生き生きと生きている人を訪ねる旅日記です

『春と修羅』を読んでみる(5)

 宮沢さんは死についてどのように考えていたのでしょうか。『なぜ今、仏教なのか 瞑想・マインドフルネス・悟りの科学』の著者であるロバート・ライトさんは、「人間の苦しみに対する仏教の診断が根本的に正しいこと、その処方箋(しょほうせん)はきわめて有効で、まさに今こそ重要であることを論じ」るためにその著書を出版したと言っています。

 大多数の人にとって人間の苦しみで最大の苦しみとは死ではないでしょうか。そして仏教はある意味で死に関する「精神科学」ではないかと思えるのです。先に参照した定方さんは仏教と死と科学の関りを次のように紹介しています。

 「こんにち、科学は日進月歩のいきおいで進歩している。科学に対する民衆の畏敬の念は相当なものにちがいない。それにもかかわらず、科学に反する宗教に民衆がいまなお固執するのはなぜか、最大の理由は科学が死を克服していないこと」なのです。

 「死は民衆の目に最大の力と映る。王すら死に服する。王も民衆も死のまえでは平等である。どんな権力も民衆を死から奪うことはできない。死はいわば神であり、科学は死を撲滅(ぼくめつ)しないかぎり、どんなに進歩しても、民衆の絶対の心服をえることはできない」でしょう。

 「宗教も不死(生物的な)を可能にすることはできない。しかし、宗教は死の意味を明し(ママ)、不死(宗教的な)を説き、安心を与えることができる」[(ママ)は引用者によります。]のです。しかし、「これまで死について語ることはうさんくさいことと考えられがちであった。多くの宗教があまりにも幼稚な死後観を語ってきたから」です。

 「ところが、仏教は大いに死を語り、死について教え」てきました。「死を知るためには、まず自分を知らなければならない。自分とはなにか、仏教はこれを知ることを最大の課題とし」てきたのです。

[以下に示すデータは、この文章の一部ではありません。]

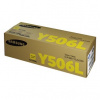 HP originál toner SU515A, CLT-Y506L, Y506S, yellow, 3500str., high capacity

 「その結果えられた結論が無我である。無我の理解は空を知ることによって深まる。そして、無我から不死が帰結する」のです。さらに言えば、「仏教は合理主義であるが、最近、合理主義を揶揄(やゆ)する風潮がみられるので、一言したい。このような風潮の背景には科学万能に対する幻滅がある。……非合理は合理の徹底であり、非合理の深さを知るひとは最後まで自分を合理主義者として任じる」でしょう。

 以上のような仏教、死、そして科学の関係を体系的に論じているのが定方さんの『空と無我』ですが、そうしたテーマに関心のある方はぜひ直接お読みいただければと思います。新型コロナ禍の現在多くの人たちが死の恐怖と苦しみ、そして自分の愛する人の突然の、そして愛する人の死との闘いに全く関わることができないなかでの死に向きあわざるをえないことを考えると、大いに参考になるのではないでしょうか。

 宮沢さんも、『春と修羅』の中で、確かに、無我としての自己論から出発し、自己と自己がふれる宇宙世界との心象スケッチによる風物を著わそうとしています。そのことは「序」に記されています。

 「わたくしといふ現象は

  仮定された有機交流電燈の

  ひとつの青い照明です

  (あらゆる透明な幽霊の複合体)

  風景やみんなといっしょに

  せはしくせはしく明滅しながら

  いかにもたしかにともりつづける

  因果交流電燈の

  ひとつの青い照明です

  (ひかりはたもち その電燈は失はれ)

  これらは二十二箇月の

  過去とかんずる方角から

  紙と鉱質インクをつらね

  (すべてわたくしと明滅し

   みんなが同時に感ずるもの)

  ここまでたもちつづけられた

  かげとひかりのひとくさりづつ

  そのとほりの心象スケッチです」

 しかし、この序を書いているときは、宮沢さんは死について、とくに自己の死だけでなく自己の愛する大切な人の死にどのように向き合ったらよいかということについては全く考えてはいなかったのではないでしょうか。そうした状況の中で宮沢さんは突然、最愛の妹トシさんの死に直面しなければならなくなったのです。それまでは人は、そして自分はどのように生きるべきかについて考えることだけに情熱を傾けてきた宮沢さんは最愛の妹トシさんの死という事態に大いに戸惑い、大きな悲しみを経験することになったのです。